In order to run compile
on a set of user specified data
entries, the user must create a local folder whose path is specified
with dataset_directory
. This folder must only
contain the entries to be compiled in .xlsx format. If other files
types exist in the directory, compile
will fail. (note:
entries cannot be open in Excel)
compiled <- compile(dataset_directory = "~/Directory/to/data/", write_report = T,
write_out = T, return = "list")
The parameter return
determines format of the object
that is returned and should be set to “list” unless the user prefers a
flattend version of the database formatted as a single data.frame.
When set to “TRUE”, the parameter write_out
will trigger
the creation of several output files:
Description | Location | File name |
---|---|---|
Report files that identify issues with the files in the dataset_directory | dataset_directory/QAQC | QAQC_*.txt (* corresponds to dataset file names) |
Flattened database file | dataset_directory/database | ISRaD_flat.csv |
List structured database file in the same format as template | dataset_directory/database | ISRaD_list.xlsx |
Log file generated by compile function.

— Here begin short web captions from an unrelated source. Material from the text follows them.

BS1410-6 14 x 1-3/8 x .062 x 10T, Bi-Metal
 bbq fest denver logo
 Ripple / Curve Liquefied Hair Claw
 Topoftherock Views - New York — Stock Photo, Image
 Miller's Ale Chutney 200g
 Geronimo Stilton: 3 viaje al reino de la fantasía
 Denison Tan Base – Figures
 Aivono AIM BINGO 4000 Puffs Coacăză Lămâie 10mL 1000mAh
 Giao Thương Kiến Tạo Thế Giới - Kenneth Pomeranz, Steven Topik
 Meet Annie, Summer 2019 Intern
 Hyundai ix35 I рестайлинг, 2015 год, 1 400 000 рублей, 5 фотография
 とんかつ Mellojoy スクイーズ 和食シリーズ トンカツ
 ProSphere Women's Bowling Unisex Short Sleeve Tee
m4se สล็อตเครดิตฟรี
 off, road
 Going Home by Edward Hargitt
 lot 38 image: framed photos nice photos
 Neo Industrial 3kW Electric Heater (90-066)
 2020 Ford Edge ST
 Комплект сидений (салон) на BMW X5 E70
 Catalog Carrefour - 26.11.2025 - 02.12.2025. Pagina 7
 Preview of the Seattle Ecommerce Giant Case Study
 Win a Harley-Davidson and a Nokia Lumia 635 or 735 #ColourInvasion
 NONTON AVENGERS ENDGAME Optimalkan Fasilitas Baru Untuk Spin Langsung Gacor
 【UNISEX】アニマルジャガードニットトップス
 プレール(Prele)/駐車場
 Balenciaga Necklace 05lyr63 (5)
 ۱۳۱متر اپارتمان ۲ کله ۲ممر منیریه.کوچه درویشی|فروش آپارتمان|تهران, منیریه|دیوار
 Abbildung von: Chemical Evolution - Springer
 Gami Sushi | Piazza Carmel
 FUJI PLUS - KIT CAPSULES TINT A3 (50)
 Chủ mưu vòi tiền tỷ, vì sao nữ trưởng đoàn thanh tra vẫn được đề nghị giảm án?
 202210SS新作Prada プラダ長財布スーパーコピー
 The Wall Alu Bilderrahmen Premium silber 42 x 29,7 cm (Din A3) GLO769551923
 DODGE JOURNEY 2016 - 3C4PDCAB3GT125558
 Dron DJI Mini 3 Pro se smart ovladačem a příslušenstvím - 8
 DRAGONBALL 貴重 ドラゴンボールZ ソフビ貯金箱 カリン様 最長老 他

Most importantly, tells you which files passed QAQC. | dataset_directory/database | ISRaD_log.txt |
Summary statistics for datasets compiled into database | dataset_directory/database | ISRaD_summary.csv |
QAQC check on compiled database. | dataset_directory/database | QAQC_ISRaD_list.txt |
Merging a user compiled list with ISRaD_data
The function mapply
can be used to merge the user
compiled list with ISRaD_data
as follows:
#set extra = F to only get ISRaD_data (templates as they have been entered)
ISRaD_data <- ISRaD.getdata(directory = mydir, dataset = "full", extra = F, force_download = T)
# or alternatively:
load("C:/Users/YourPathHere/ISRaD_data_v 2.6.6.2024-01-25.rda") #Loads ISRaD_data
merged_data <- mapply(rbind, ISRaD_data, compiled, SIMPLIFY = FALSE)
Have fun exploring the global repository of all things soil radiocarbon (ISRaD)!